Powering down under?
Dr Roger Dargaville, Deputy Director of the Monash Energy Institute, believes Afridi’s research is exciting and will no doubt have many important uses, given it can be proven to be technically and economically viable. But there remain a number of challenges to be solved in terms of any form of charging before mass uptake of electric vehicles.
“If EV charging is done in a clever way, then it can be actually really useful to the grid. But if it’s done in a poorly planned way, it can be really detrimental,” he told create.
“It’s important for us to have the right incentives and regulatory frameworks in place so that EVs are charging in a way that is not putting additional load on the electricity grid at times when the grid is most stressed.”
Afridi’s wireless charging could make it easier to power EVs while in motion, but a key problem with this could be that it will increase load on the electricity network during peak times.
Instead, it is preferable that EVs take advantage of cheap solar power at off-peak times, such as when they are typically parked during the day.
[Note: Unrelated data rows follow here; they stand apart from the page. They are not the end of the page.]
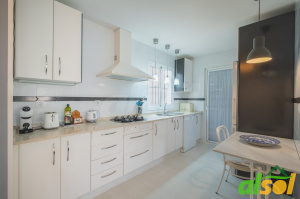 URBANIZACIÓN NUEVO OASIS DEL SUR III - REF. A03-03177
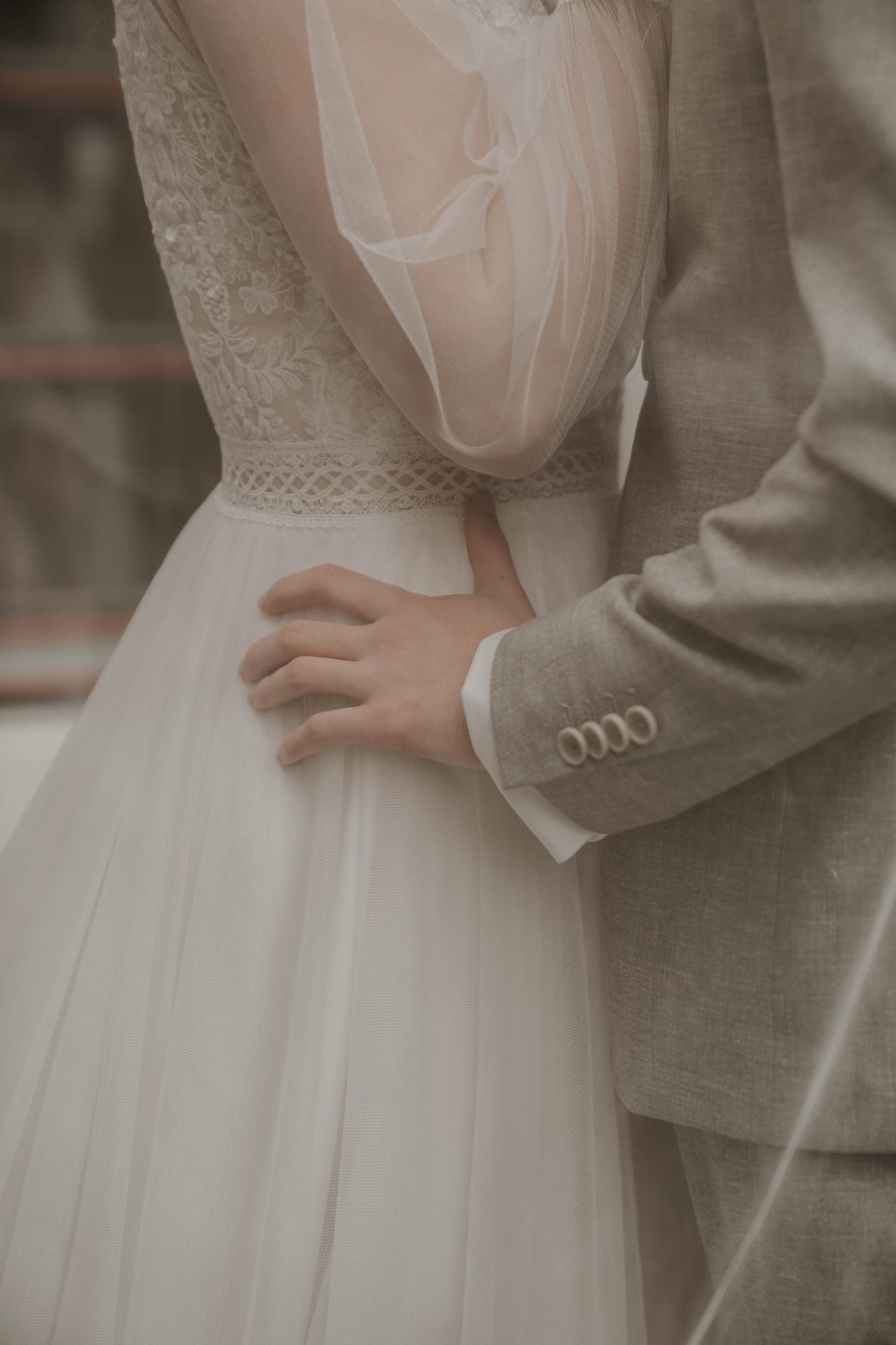 Daniel & Evi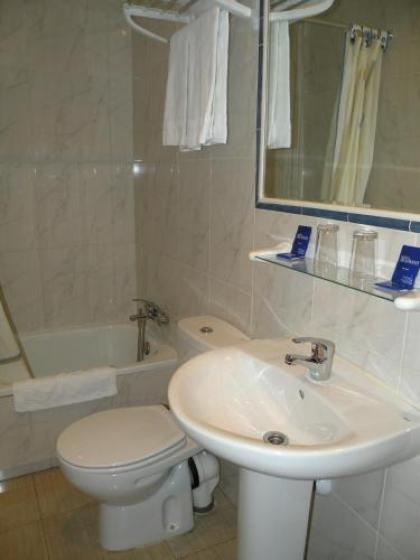 Hostal Benamar - image 15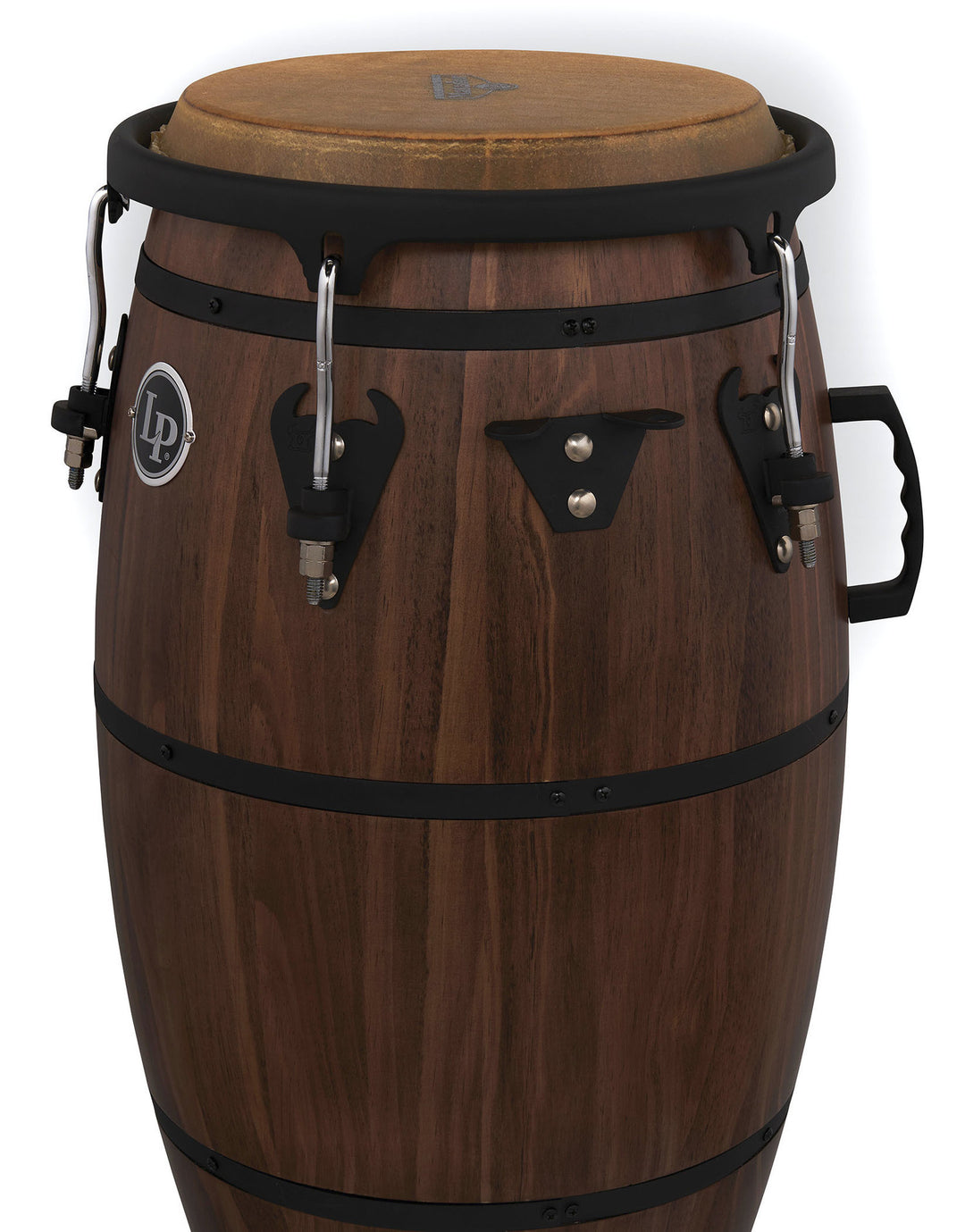 Latin Perkusjon Conga Matador whiskyfat - Conga 11 3/4" (M752S-WB)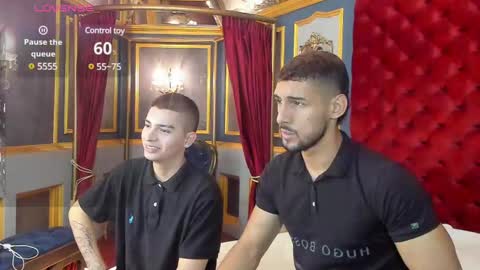 marcovitto online show from February 12, 3:18 am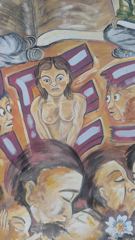 mural artwork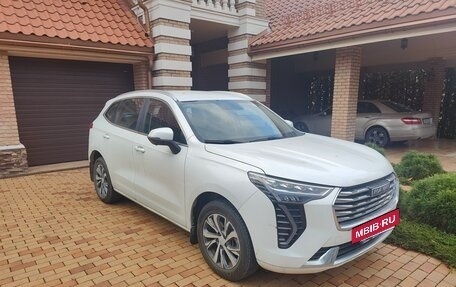 Haval Jolion, 2023 год, 2 200 000 рублей, 2 фотография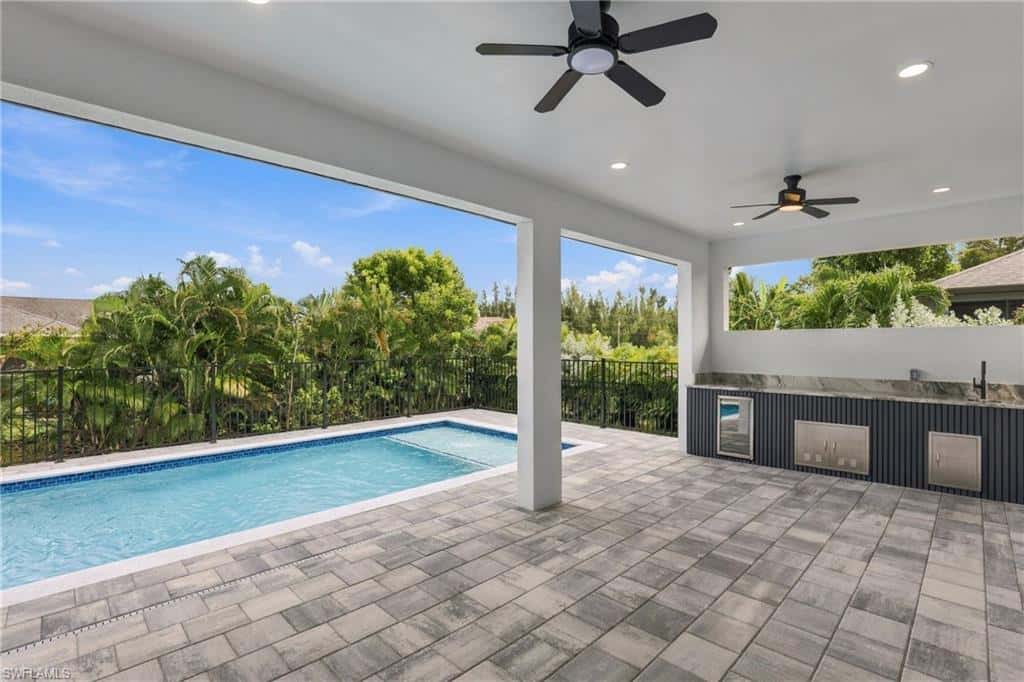 4317 Kismet Pkwy, Cape Coral, photo 31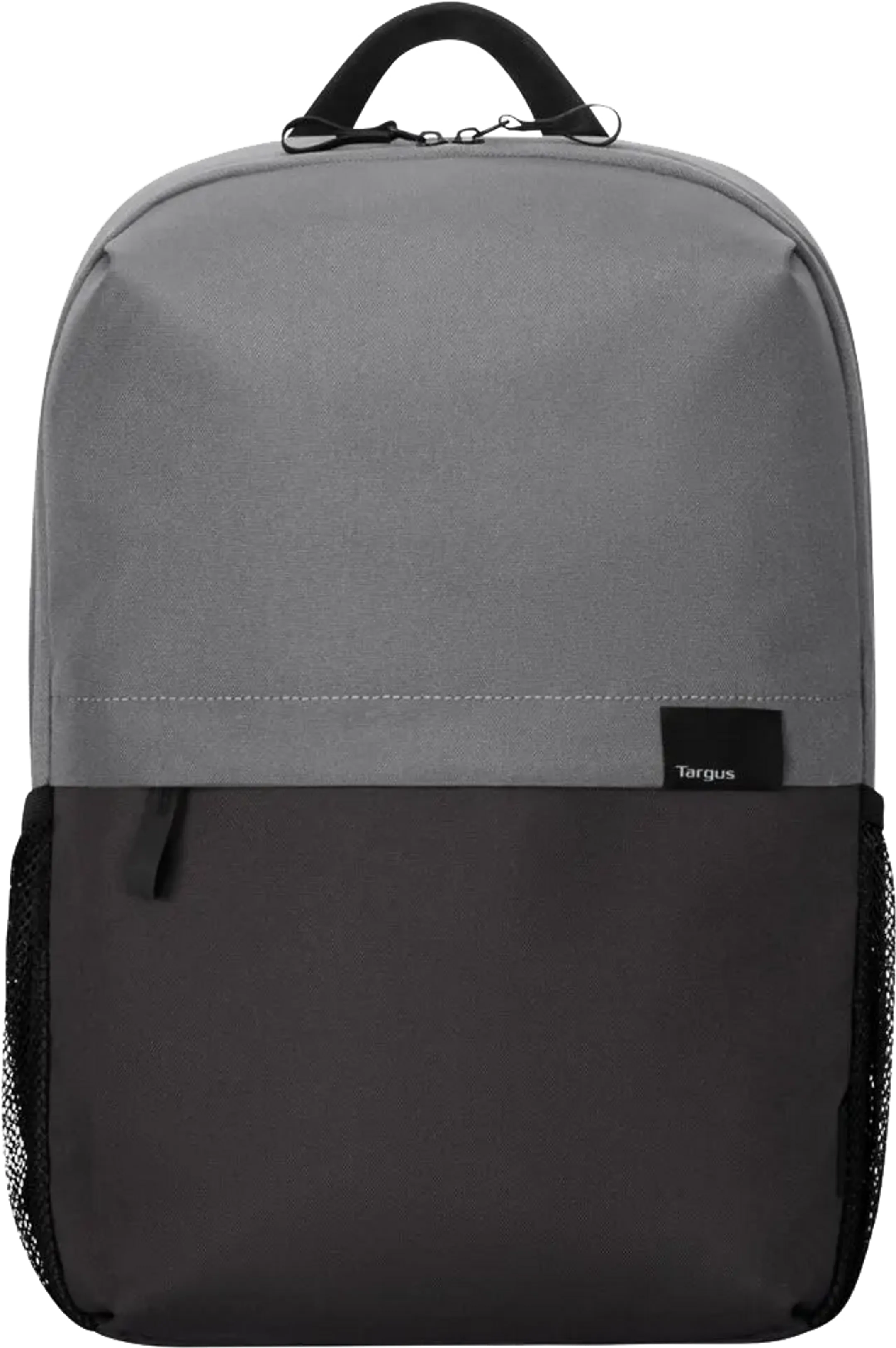 Sac à dos Campus Sagano™ EcoSmart® 15,6” - Noir/Gris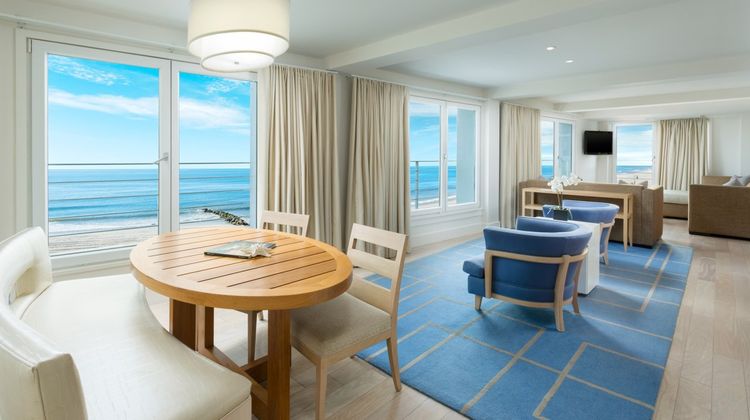 Allegria Hotel Suite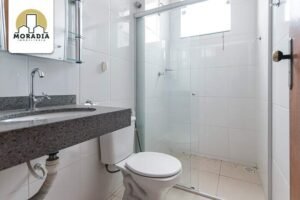 Apartamento para alugar com 2 quartos no Parque Caravelas em Santana do Paraíso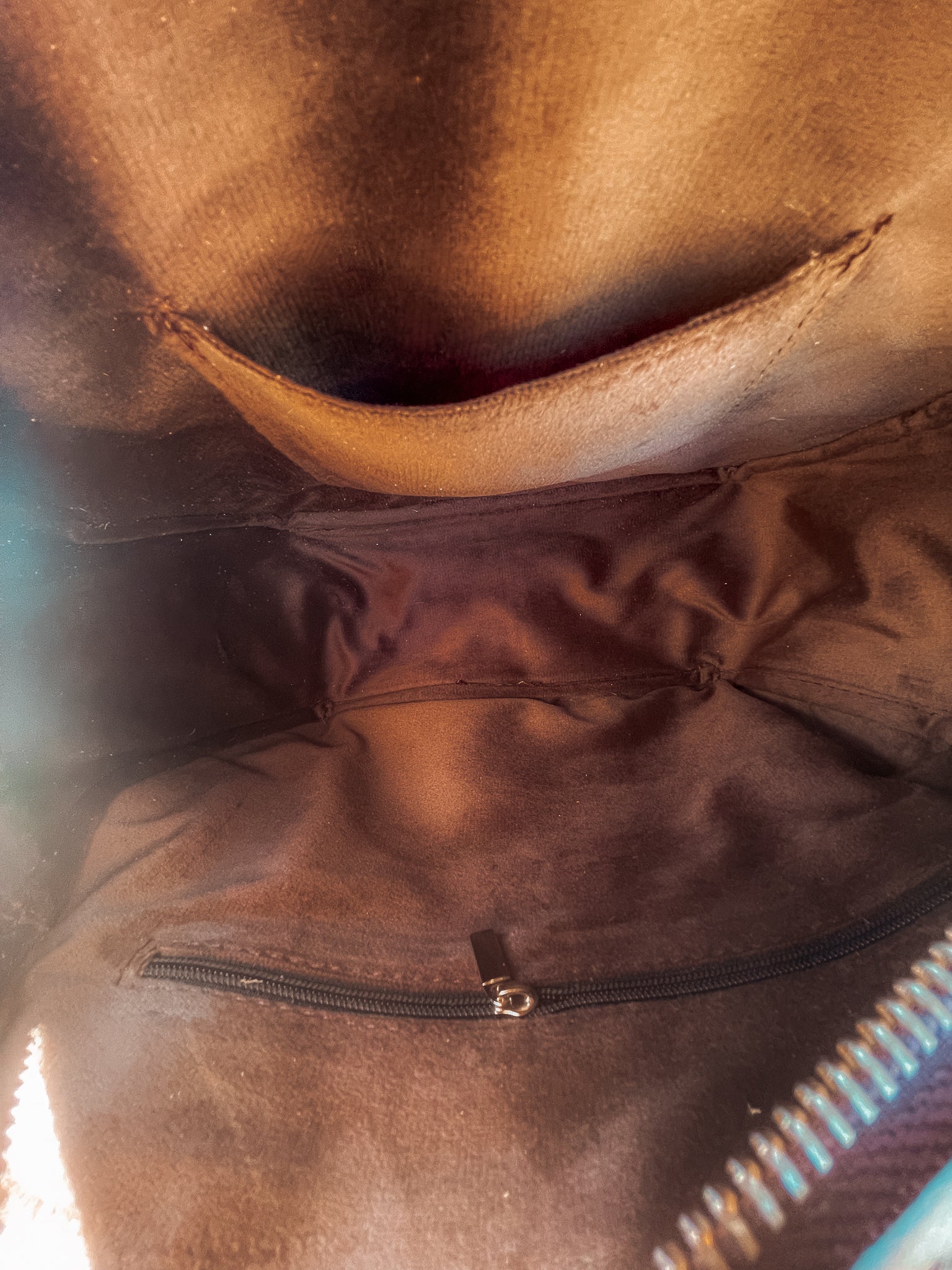 Haute Southern Hyde " Life In The West " A Haute Southern Hyde by Beth Marie Exclusive — detail shot 10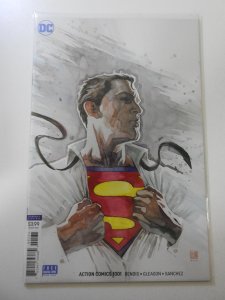 Action Comics #1001 Variant Edition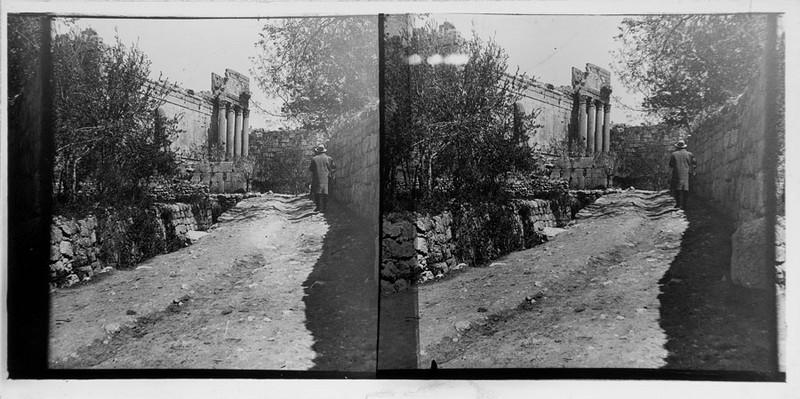 Temple du Soleil à Baalbek_0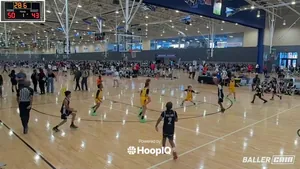 3-pt Shot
One exciting proposal is to build EV-ready ‘park and ride’ schemes, which allow commuters to drive to a train or bus station and take public transport for the remainder of the journey.
“We’re continuing to research the best times for the EVs to be charging in terms of solar and wind power, and what kind of incentives you would need to provide to EV owners so they would be willing to give up some control of their EVs so that the battery is charged when it’s good for the grid rather than bad,” Dargaville said.
Mass EV charging is an issue that is going to require a number of complex engineering solutions.
“It’s a very data rich problem — in the future, we could be talking about charging 20 million EVs in Australia, all trying to communicate with the grid and work out the best charging strategy,” he said.
“That’s a very large optimisation problem to solve, so the Internet of Things and big data becomes a really important part of solving the problem.”